Archie,what kind of grouping are you getting with the 300 grain TC Shock Wave Sabot.Saw some in a local gun shop recently.They look neat!Has anyone else used them.They look like they would expand well.Thanks!


----------



## archie holst

Al B. 1 inch groups at 100 yards no rest standing with a sling. As far as expansion I don't know. I can tell you the deer I harvested had the potential of jumping the creek over to someones private property. To avoid this I aimed for the front ball joint on all three. Each one was put down instantly. The 300 grain shock wave disentegrated itself and the ball joint into mainy little pieces and pullverized the insides of the deer. No exit wounds all energy went to turning the insides to Jello. Yes theere was some wasted meat in the front shoulder but that was intentional, I did not want them taking another step or leap and they did not.


----------



## rzdrmh

Albert Bergeron said:


> Does anybody have any opinions on how they like their TC ML.Thanks.

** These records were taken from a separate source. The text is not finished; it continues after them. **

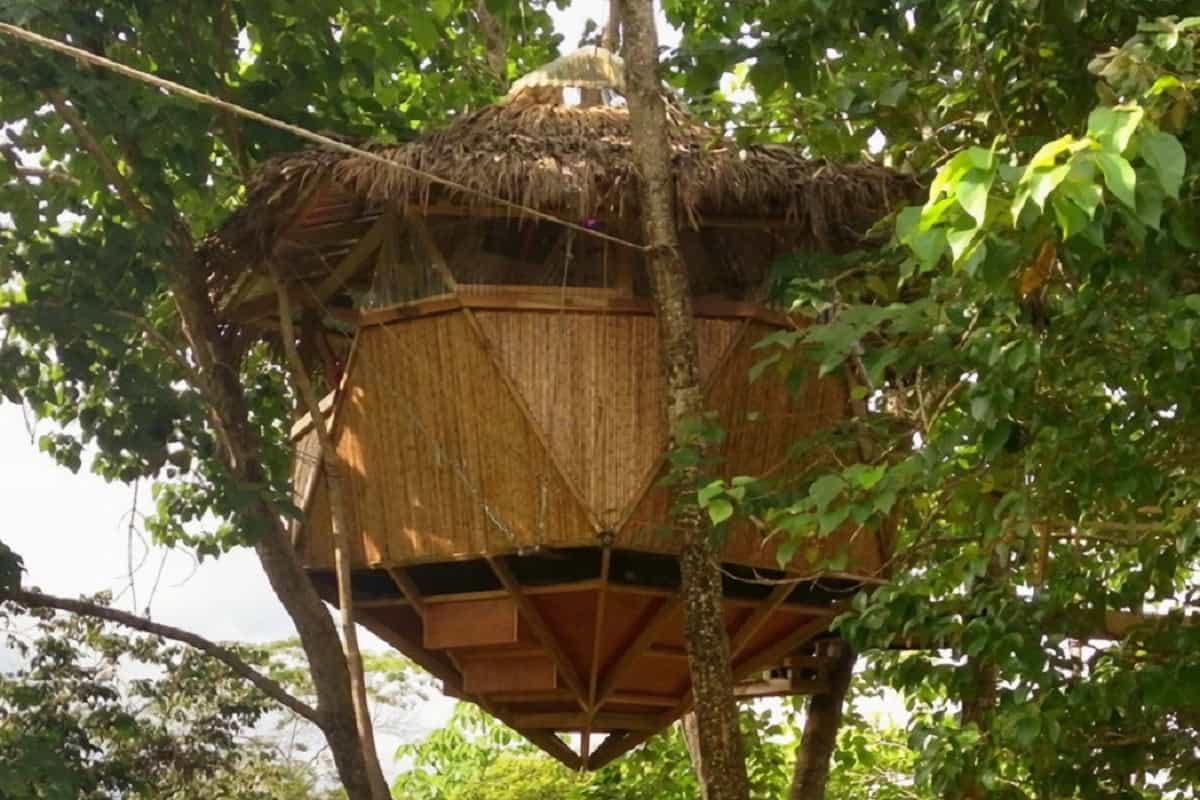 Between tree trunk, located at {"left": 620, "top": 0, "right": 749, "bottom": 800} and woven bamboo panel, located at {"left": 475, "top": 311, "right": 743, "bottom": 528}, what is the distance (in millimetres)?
546

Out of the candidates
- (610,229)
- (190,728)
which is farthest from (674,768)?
(610,229)

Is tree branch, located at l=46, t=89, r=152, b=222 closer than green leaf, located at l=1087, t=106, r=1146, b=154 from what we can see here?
No

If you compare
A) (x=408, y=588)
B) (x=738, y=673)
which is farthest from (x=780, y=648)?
(x=408, y=588)

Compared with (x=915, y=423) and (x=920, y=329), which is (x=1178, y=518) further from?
(x=915, y=423)

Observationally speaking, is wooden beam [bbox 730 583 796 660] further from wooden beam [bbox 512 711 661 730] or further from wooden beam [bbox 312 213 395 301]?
wooden beam [bbox 312 213 395 301]

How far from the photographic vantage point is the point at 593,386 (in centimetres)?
586

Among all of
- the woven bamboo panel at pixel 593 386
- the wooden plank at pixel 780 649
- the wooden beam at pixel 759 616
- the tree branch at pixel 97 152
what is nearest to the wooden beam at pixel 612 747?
the wooden plank at pixel 780 649

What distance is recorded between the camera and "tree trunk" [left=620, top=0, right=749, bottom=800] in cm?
497

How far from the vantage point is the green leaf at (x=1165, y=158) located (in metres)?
2.57

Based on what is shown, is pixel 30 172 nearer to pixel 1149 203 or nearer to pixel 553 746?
pixel 553 746

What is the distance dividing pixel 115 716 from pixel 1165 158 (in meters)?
5.63

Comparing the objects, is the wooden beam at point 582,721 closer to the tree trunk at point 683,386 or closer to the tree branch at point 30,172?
the tree trunk at point 683,386

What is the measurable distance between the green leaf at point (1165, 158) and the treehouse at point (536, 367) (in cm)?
279

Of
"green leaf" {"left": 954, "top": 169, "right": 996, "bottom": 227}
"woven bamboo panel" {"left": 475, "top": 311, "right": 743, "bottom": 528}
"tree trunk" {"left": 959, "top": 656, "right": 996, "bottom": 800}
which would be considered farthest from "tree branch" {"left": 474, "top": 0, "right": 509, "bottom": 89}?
"green leaf" {"left": 954, "top": 169, "right": 996, "bottom": 227} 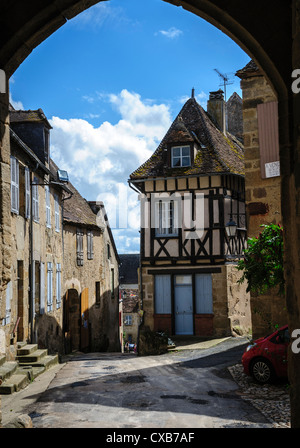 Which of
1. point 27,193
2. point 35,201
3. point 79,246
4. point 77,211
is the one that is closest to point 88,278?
point 79,246

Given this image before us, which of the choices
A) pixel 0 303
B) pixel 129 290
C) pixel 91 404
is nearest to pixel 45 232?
pixel 91 404

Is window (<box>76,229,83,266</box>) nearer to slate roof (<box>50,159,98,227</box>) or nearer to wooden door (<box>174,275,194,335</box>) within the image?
slate roof (<box>50,159,98,227</box>)

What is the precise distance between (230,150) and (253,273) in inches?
487

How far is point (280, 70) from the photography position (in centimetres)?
426

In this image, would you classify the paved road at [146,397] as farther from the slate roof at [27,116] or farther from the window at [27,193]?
the slate roof at [27,116]

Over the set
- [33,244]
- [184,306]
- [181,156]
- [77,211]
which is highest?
[181,156]

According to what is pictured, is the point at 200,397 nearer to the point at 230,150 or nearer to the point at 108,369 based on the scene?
the point at 108,369

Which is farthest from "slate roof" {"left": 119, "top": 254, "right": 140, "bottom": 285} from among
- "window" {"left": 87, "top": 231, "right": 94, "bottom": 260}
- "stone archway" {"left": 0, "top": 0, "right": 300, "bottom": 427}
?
"stone archway" {"left": 0, "top": 0, "right": 300, "bottom": 427}

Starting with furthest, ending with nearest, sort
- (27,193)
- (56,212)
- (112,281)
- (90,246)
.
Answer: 1. (112,281)
2. (90,246)
3. (56,212)
4. (27,193)

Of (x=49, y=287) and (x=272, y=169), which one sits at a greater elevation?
(x=272, y=169)

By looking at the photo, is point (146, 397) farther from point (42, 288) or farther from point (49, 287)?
point (49, 287)

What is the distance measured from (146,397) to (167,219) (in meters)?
9.52

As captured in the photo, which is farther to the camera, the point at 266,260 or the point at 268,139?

Are you kidding???? After testing a number of muzzleloaders, and shouldering more, i'm convinced that the TC Omega is the definitive measuring stick for inline muzzleloaders today.

you might others that have a slight edge in certain aspects, but when considering things overall, the Omega is tough to beat.
- shoots very well
- great warranty
- easy cleanup
- zero blowback on the scope
- looks great
- etc, etc.

pure muzzleloader. now, if you could just get TC to put some of that fancy curly maple on the omega that A&H uses, i'd be in heaven.. :lol:


----------



## Swamp Monster

rzdrmh said:


> . now, if you could just get TC to put some of that fancy curly maple on the omega that A&H uses, i'd be in heaven.. :lol:



A quick phone call to the TC Custom shop and you might just get your answer! Just hope today is payday! 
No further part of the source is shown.